Improving Standardization and Access to Care via Seizure Pathways in the Emergency Department
Brian E. Emmert, Cody L. Nathan, James J. Gugger, Kathryn A. Davis, Margaret Provencher, Laura A. Stein, Keith C. Hemmert

TL;DR
This study shows that using standardized pathways in emergency departments for seizure patients improves care consistency and reduces time to follow-up.
Contribution
The paper introduces and evaluates standardized seizure pathways in emergency departments to standardize care and improve outcomes.
Findings
Standardized pathways reduced time to outpatient follow-up and decreased admissions in ED seizure cases.
Pathway use increased diagnostic testing but reduced MRI use for breakthrough seizures.

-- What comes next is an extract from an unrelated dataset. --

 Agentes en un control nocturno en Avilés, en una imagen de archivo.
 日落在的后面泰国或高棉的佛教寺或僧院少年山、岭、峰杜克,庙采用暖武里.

There was significant variability reduction in ED length of stay with pathway implementation.
Abstract
Seizures are one of the most common neurological presentations to an emergency department (ED), often as a first seizure of life or a breakthrough seizure. There is practice variation regarding the diagnostic workup and management for these patient populations. A standardized pathway for emergent evaluation of first seizure of life or breakthrough seizure currently does not exist, resulting in variability in evaluation and timing of outpatient care. We created standardized pathways for evaluation and management of patients presenting to the ED with a first seizure of life or breakthrough seizure. These pathways, implemented at a large, quaternary-care hospital system, were utilized on 130 patients presenting with a seizure and compared with all patients with seizure on whom the pathway was not used, between May 2022–October 2023. Outcomes of interest included ED length of stay (LOS),…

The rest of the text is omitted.